Task item:
Could you restate word for word only the lines below from the one holding "Zdjęcie 6 z" to the one holding "Philippine Vice-President Jejomar", inclusive, and leave out the pictures?

── Task material ──

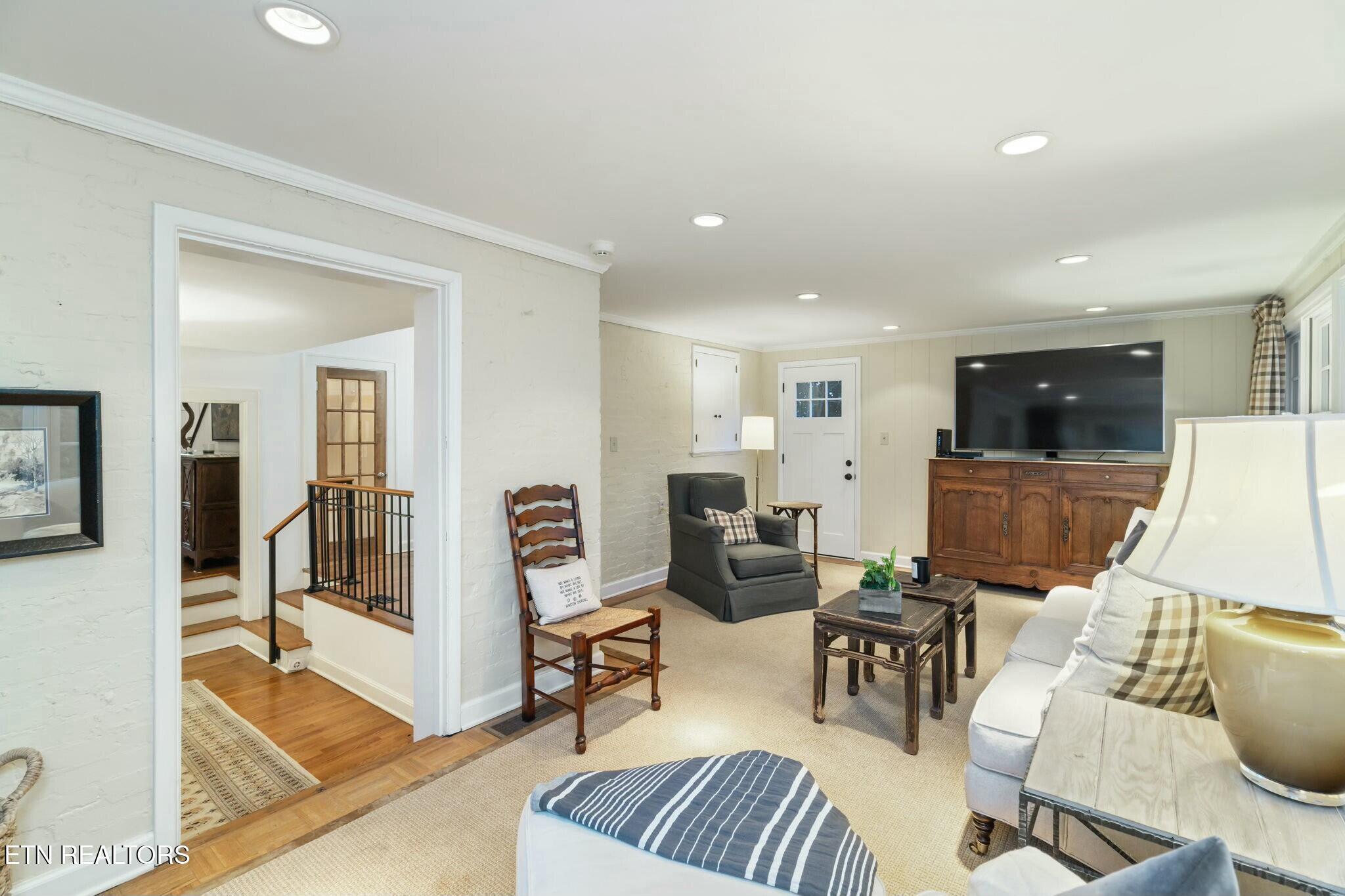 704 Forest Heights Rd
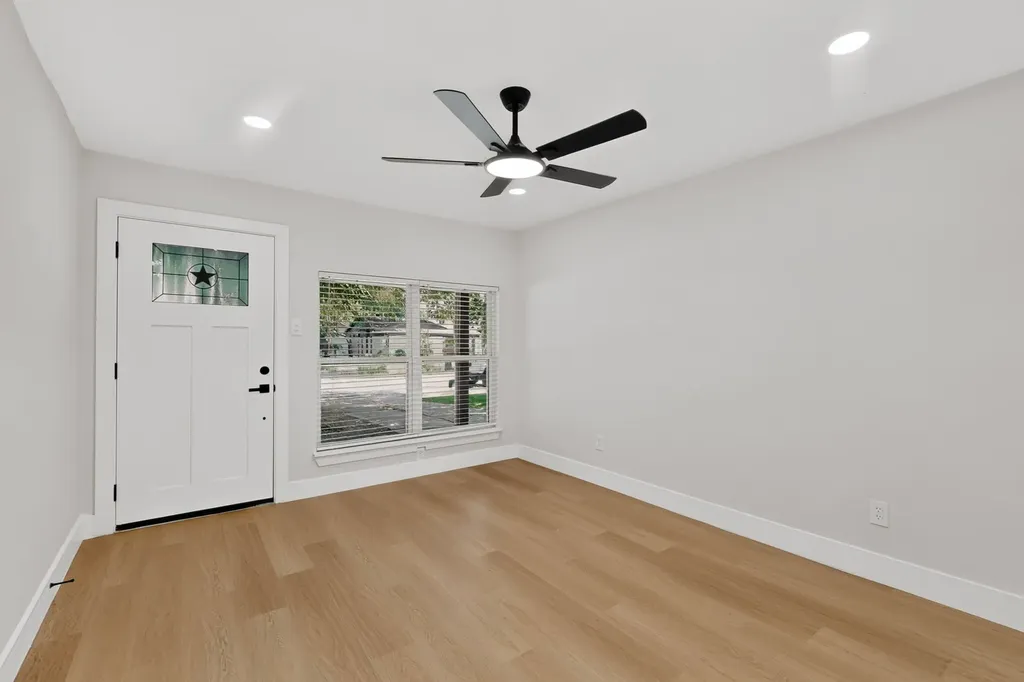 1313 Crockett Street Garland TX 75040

───
── Task material ──

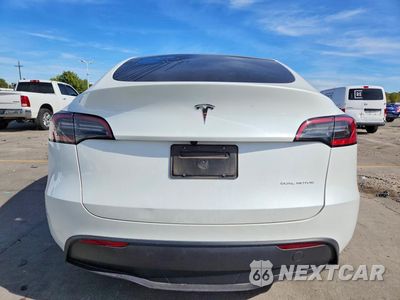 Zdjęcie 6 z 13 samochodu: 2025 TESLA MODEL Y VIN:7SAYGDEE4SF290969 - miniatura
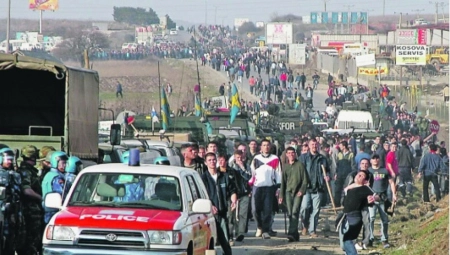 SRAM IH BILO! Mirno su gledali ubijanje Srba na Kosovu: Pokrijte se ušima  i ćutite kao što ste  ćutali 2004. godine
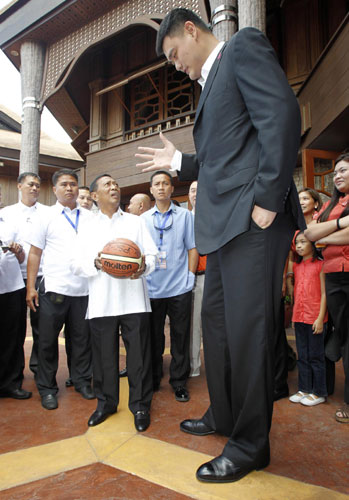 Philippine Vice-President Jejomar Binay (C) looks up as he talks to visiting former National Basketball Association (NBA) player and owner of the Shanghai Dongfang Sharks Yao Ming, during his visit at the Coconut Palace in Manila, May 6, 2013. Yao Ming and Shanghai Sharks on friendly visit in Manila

───

Task response:
 Zdjęcie 6 z 13 samochodu: 2025 TESLA MODEL Y VIN:7SAYGDEE4SF290969 - miniatura
 SRAM IH BILO! Mirno su gledali ubijanje Srba na Kosovu: Pokrijte se ušima  i ćutite kao što ste  ćutali 2004. godine
 Philippine Vice-President Jejomar Binay (C) looks up as he talks to visiting former National Basketball Association (NBA) player and owner of the Shanghai Dongfang Sharks Yao Ming, during his visit at the Coconut Palace in Manila, May 6, 2013. Yao Ming and Shanghai Sharks on friendly visit in Manila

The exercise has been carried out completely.